Queste lettere ci fanno scoprire un Manzoni in balia della vita?

Manzoni è un uomo che affronta la vita in tutti i suoi aspetti, che non va a cercarsi guai, ma che quando i guai arrivano li affronta con le armi che ha a disposizione, soprattutto quella più forte che lo sostiene anche nei momenti peggiori: la fiducia in Dio. A parte tutto, i dispiaceri di tipo politico, le crisi di angoscia e di ansia che lo assalgono gli rendono impossibile lavorare. E invece di una reazione isterica, semplicemente aspetta fiducioso che le cose passino.
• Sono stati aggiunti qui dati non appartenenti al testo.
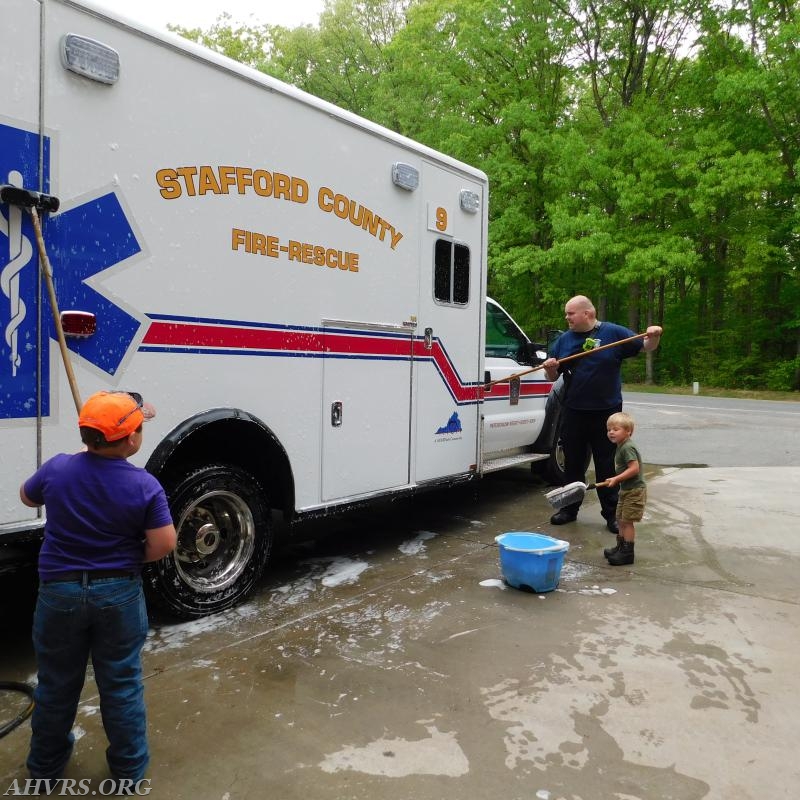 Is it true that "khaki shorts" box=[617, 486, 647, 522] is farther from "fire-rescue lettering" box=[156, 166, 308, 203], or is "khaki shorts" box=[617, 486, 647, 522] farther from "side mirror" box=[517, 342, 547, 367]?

Lagnarsi spesso dei suoi mali era un modo di chiedere più rispetto e comprensione?

Non so se il suo sia un tono particolarmente lamentoso, ma direi che nei rapporti con i familiari sia una costante per tutti lamentarsi dei propri mali. Forse è una forma di condivisione. Più che di difesa e attenuazione dei mali, si tratta anche di ripararsi dalle sofferenze che infligge la vita. Non dimentichiamo che a Manzoni è morta ancora giovane una moglie che amava tantissimo, poi sono morti la figlia primogenita e altri figli: è uno che ha conosciuto tanti lutti, tanti dolori.

Religione e patria, come scrisse ad un giovane Edmondo De Amicis, furono per lui verità irrinunciabili?

La Patria per Manzoni è patriottismo e non è nazionalismo. Afferma di essere cosmopolita cristiano e dice chiaramente che per amare la propria patria non è necessario odiare le patrie degli altri. Il suo non è un nazionalismo che si impone a scapito delle altre nazioni. È amore per la propria patria che non impedisce di amare anche le patrie degli altri.